Keynote Speaker: Dr. Arafat Al-Dweik received an M.S. and Ph.D. degrees in electrical engineering from Cleveland State University, Cleveland, OH, USA in 1998 and 2001, respectively. From 2003 to 2013 he was an Assistant and then Associate Professor at the Department of Electrical and Computer Engineering at Khalifa University, UAE. In 2014 he was an associate Professor at the School of Engineering at University of Guelph, Guelph, ON, Canada. Dr Al-Dweik holds an Adjunct Research Professor position at Western University, London, ON, Canada, and he is a Visiting Research Fellow at Newcastle University in the UK. Dr. Al-Dweik has several years of industrial experience in the USA, recipient of the Fulbright Scholarship, and has been awarded several awards and research grants. He is also a Senior Member of the IEEE, Associate Editor of the IEEE Transactions on Vehicular Technology, and a Licenced Engineer in the Province of Ontario, Canada. The main research interests of Dr. Al-Dweik include wireless communications, communications theory, intelligent traffic systems, OFDM technology, modeling and simulation of communication systems, error control coding, and spread spectrum systems.

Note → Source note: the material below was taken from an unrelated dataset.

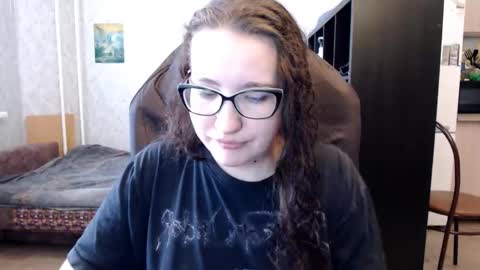 Snapshot of ankey_rayah chatting on 11-09-25, 06:44 Nameless online show from 11-09-25, 06:44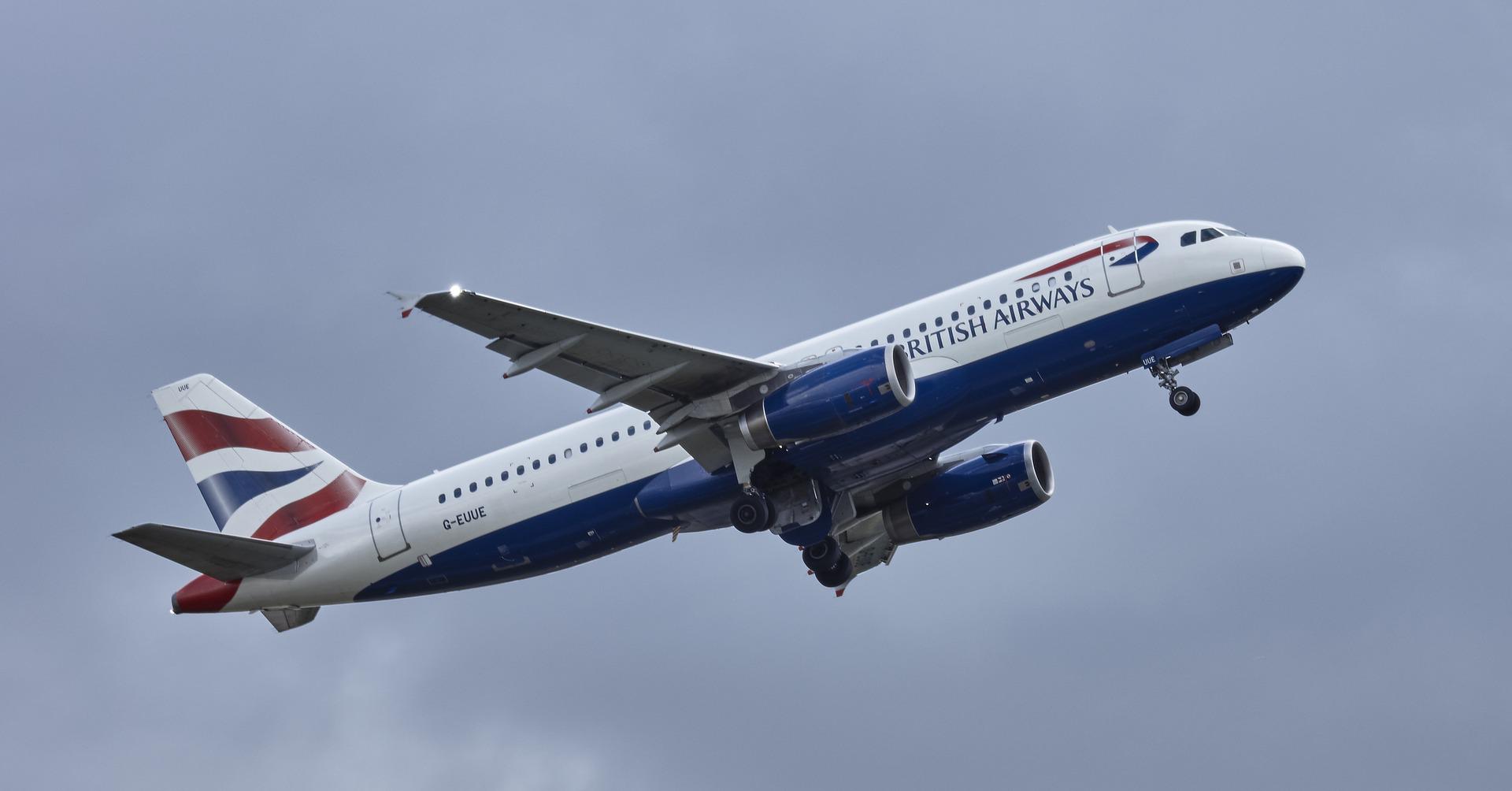 aircraft-994948_1920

Keynote Title: The Role of ICT in Next Generation Highways Infrastructure
Abstract: Every year, hundreds of thousands of people are killed in car accidents. For example, over 1.2 million people were killed in road traffic accidents around the world in 2003 according to a report published by the World Health Organization and the World Bank, another 50 million may be left injured by crashes annually. These numbers are expected to increase by about 60% in the next few years unless a drastic change in the highways design is performed. This talk addresses the latest trends to improve the highways’ infrastructure by incorporating the information and communications technologies (ICT). The talk will also highlight the major challenges and obstacles that should be abolished to enable the adoption of ICT based technologies.

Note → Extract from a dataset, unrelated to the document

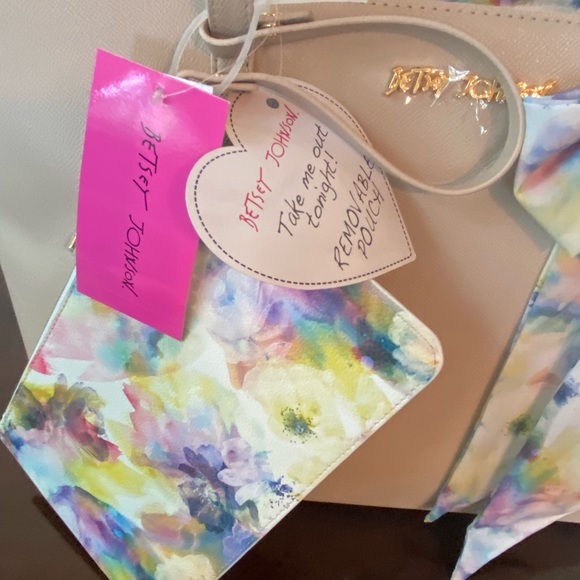 Betsey Johnson Large Tote With Scarf & Wristlet Gorgeous NWT - Picture 6 of 16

Keynote Speaker: Dr. Ahmed Nasri is a professor in computer graphics in the department of computer science at the American University of Beirut (AUB). Since 2010, he has been seconded as Acting President of Fahad Bin Sultan University. In 1978, he received a BS in Mathematics and another in Teaching Mathematics from the Lebanese University. In 1985, he received a Ph.D. in Computer Graphics from the University of East Anglia (UK). He was an invited researcher to various universities such as MIT, Cambridge U, Arizona State, Purdue, Brigham Young (Utah), Durham, Calgary, Seoul National, Nanyang Technological (Singapore), Bremen (Germany), Geneva, Tokyo, and the City University of Hong Kong. He is on the editorial board of several international journals such as the Visual Computer (Springer), Software & Informatics, and Computational Design and Engineering. He also served and continues to serve on the PC of numerous international computer graphics conferences, in some of which he was a keynote speaker. In He published over 70 papers in prestigious journals and reputable conferences. He was one of the co-founders of T-spline surfaces, which are becoming the state of the arts in computer graphics, modeling and Animation. He is the recipient of the 2013 CNRS Research Excellence Award. His research interests include sketch-based modeling, 3D animation, Digital Islamic Arts, shape retrieval, and Computer Graphics in Education.

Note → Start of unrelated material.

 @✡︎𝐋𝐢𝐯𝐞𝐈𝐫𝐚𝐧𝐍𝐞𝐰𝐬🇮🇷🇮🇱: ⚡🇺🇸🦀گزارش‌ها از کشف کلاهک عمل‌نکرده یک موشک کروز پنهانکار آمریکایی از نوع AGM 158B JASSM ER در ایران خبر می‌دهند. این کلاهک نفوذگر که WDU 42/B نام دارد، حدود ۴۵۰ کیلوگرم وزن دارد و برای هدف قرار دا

Keynote Title: Virtual Fitting Room for On-line Shopping.
Abstract: One of the problems in on-line cloth shopping is the inability to try on various items of a particular model, with possibly different colors, before making a final purchasing decision. To encourage users in such a domain, a virtual fitting room could be used to visualize this try-on process. A mannequin that could be adjusted to fit specific body measurements can be used to try the item on with animated walking facilities. To accomplish this, two basic ingredients need to be studied: the virtual garment design, and the garment animation. In this talk, we present a cloth modeling approach from a set of contours sketched on the surface of a mannequin. A subdivision mesh of the garment is then generated using permanence patches. The generated garments can then be animated to assess the dynamic behavior, the fitting, and the garment style according to body poses and motion.